A plan to reopen a strategic Herefordshire railway line could take a big step forward if local representatives agree to get behind it.
Ross-on-Wye Liberal Democrat councillor Louis Stark raised the idea of reinstating the Hereford, Ross and Gloucester rail link during a debate on county transport policy in December.
He and LibDem colleague Coun Ed O’Driscoll are now formally proposing that Herefordshire Council work towards a feasibility study for the idea, “as a first step”.
With the county’s over-arching local transport plan up to the year 2041 now formally agreed on, work is now under way on more specific policy areas for the county, including rail.
This should include “a bold, ambitious and visionary commitment towards the reestablishment of the Hereford, Ross and Gloucester railway,” the councillors’ motion says.
This would serve as “a strategic rail corridor from the edge of England to the heart of London, Bristol and the South”, as well as “reestablishing the rail link between two of the oldest English cities and the birthplace of British tourism”.
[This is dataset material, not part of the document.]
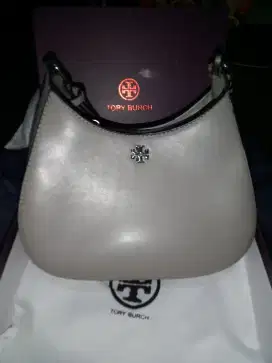 TAS PEMAKAIAN PRIBADI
It calls on officers to discuss with neighbouring Gloucestershire County Council the possibility of a joint feasibility study on the reestablishment of the rail link, and to write the Secretary of State for Transport to gauge “the likely support and possibility of funding” for this, while also “testing the market for any private finance interest” in the idea.
The motion will be put before county councillors when they meet on March 6.
The British Rail Transport Association (BRTA) has already backed reviving the service, which operated from 1855 until axed under the Beeching cuts in the mid-1960s.